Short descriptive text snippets
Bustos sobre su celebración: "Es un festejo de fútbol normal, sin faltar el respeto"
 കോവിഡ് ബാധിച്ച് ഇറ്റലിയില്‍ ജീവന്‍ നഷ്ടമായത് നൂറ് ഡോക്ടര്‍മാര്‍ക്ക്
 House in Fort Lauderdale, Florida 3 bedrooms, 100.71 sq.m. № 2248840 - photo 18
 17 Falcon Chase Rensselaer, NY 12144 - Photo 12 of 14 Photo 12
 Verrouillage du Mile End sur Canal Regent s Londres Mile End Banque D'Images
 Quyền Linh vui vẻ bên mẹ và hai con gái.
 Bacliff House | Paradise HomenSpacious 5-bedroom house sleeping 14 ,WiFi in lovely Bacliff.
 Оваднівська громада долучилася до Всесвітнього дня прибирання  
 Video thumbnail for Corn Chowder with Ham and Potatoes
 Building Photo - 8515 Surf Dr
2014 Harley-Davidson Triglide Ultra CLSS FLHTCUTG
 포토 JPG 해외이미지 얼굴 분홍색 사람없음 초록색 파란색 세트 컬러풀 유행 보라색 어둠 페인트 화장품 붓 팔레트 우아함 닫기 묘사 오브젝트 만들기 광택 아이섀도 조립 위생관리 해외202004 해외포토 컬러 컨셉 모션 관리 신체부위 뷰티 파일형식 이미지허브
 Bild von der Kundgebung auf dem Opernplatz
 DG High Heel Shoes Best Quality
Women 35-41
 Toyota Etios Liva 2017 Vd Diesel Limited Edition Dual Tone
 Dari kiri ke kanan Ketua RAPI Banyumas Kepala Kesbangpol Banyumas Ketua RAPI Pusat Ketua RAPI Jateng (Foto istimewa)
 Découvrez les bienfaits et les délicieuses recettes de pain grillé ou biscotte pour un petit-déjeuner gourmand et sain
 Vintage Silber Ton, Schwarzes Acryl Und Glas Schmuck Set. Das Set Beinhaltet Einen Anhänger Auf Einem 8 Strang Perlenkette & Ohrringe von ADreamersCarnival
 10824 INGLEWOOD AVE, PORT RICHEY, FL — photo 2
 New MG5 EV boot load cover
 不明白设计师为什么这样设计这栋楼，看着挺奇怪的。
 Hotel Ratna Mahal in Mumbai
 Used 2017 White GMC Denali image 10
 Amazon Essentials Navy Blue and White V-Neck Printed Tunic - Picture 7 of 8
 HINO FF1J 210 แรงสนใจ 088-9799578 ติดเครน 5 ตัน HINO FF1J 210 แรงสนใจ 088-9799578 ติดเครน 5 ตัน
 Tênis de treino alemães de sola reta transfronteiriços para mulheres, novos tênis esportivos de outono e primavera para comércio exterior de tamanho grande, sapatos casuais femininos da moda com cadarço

## [TRY IT]
The expected answer is every line in the data above that carries the string "House".

## [TASK RESULT]
 House in Fort Lauderdale, Florida 3 bedrooms, 100.71 sq.m. № 2248840 - photo 18
 Bacliff House | Paradise HomenSpacious 5-bedroom house sleeping 14 ,WiFi in lovely Bacliff.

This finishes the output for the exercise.